Tadeja Režen, Mateja Hafner, Sandhya Kortagere, Sean Ekins, Vesna Hodnik and Damjana Rozman
Drug Metabolism and Disposition August 2017, 45 (8) 974-976; DOI: https://doi.org/10.1124/dmd.117.075523

Abstract

Statins are well known lipid lowering agents that inhibit the enzyme 3-hydroxy-3-methylglutaryl–CoA (HMG-CoA) reductase. They also activate drug metabolism but their exact receptor-mediated action has not been proven so far. We tested whether atorvastatin and rosuvastatin are direct ligands of human constitutive androstane receptor (CAR). We measured binding activities of atorvastatin and rosuvastatin to the human constitutive androstane receptor/retinoid X receptor α ligand-binding domain (CAR/RXRα-LBD) heterodimer with surface plasmon resonance (SPR). Additionally, three-dimensional models of CAR/RXRα-LBD were constructed by ligand-based and structure-based in silico modeling.
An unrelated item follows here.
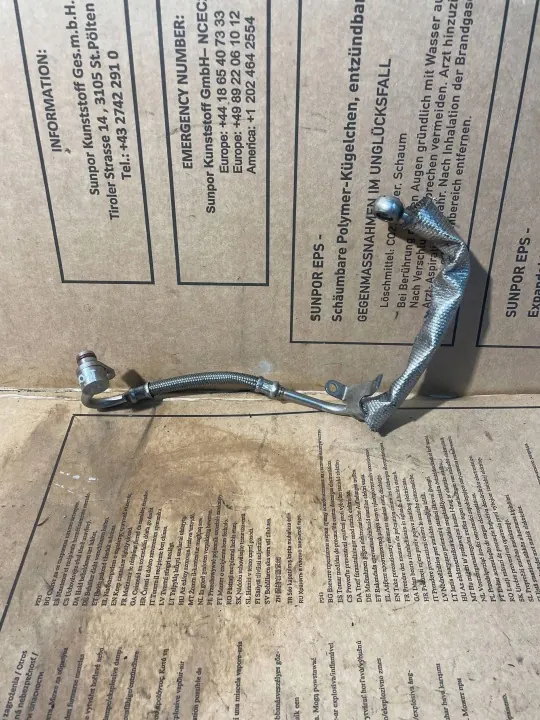 Gebrauchte Volkswagen Ölleitung für Passat B6 2009 image 3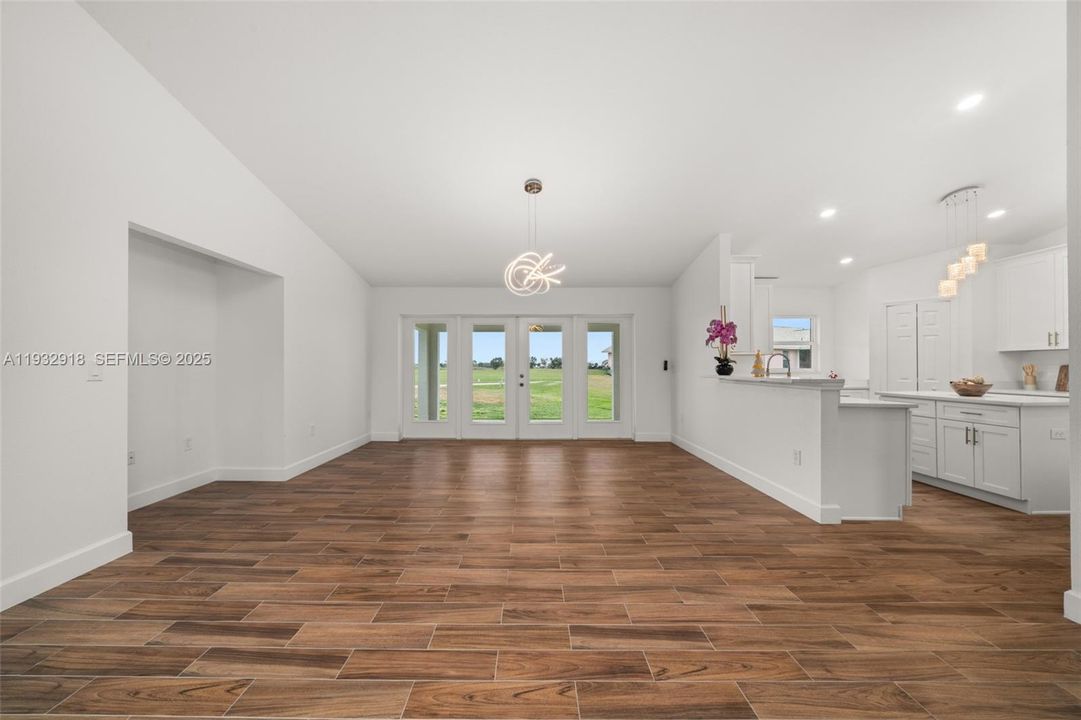 На продажу: $360,000 (3 спален, 2 ванн, 1650 Квадратных фут)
Experiments and computational modeling show that atorvastatin and rosuvastatin bind to the human CAR/RXRα-LBD heterodimer, suggesting both can modulate the activity of CAR through direct interaction with the LBD of this receptor. We confirm that atorvastatin and rosuvastatin are direct ligands of CAR. The clinical consequences of CAR activation by statins are in their potential drug-drug interactions, and changes in glucose and energy metabolism.

Introduction

Statins, which have been recognized as drugs of choice for use in patients at high risk for developing cardiovascular disease, also may have some side effects, including an increased risk for diabetes (Sattar et al., 2014). Transcriptome analyses have revealed that rosuvastatin and atorvastatin affect expression of many metabolic and signaling pathways in the liver, including drug metabolism (Hafner et al., 2011). Several statins have also been identified as inducers of drug metabolism and potential agonists for the constitutive androstane receptor (CAR, NR1I3) (Kocarek et al., 2002; Kobayashi et al., 2005; Monostory et al., 2009). However, discrepancies among the studies exist. For example, a study using cell-based reporter assay and CAR inverse agonist identified fluvastatin, atorvastatin, simvastatin, and cerivastatin as human CAR (hCAR) activators (Kobayashi et al., 2005; Monostory et al., 2009). However, in a study using a ligand-binding assay none of the tested statins (fluvastatin, atorvastatin, simvastatin) were confirmed to be activators of hCAR (Howe et al., 2011). In addition, atorvastatin did not activate hCAR using two-hybrid assembly (Hoffart et al., 2012). Thus, although studies have suggested that statins might be ligands of this nuclear receptor, experimental evidence measuring direct binding of statins to CAR has been lacking so far.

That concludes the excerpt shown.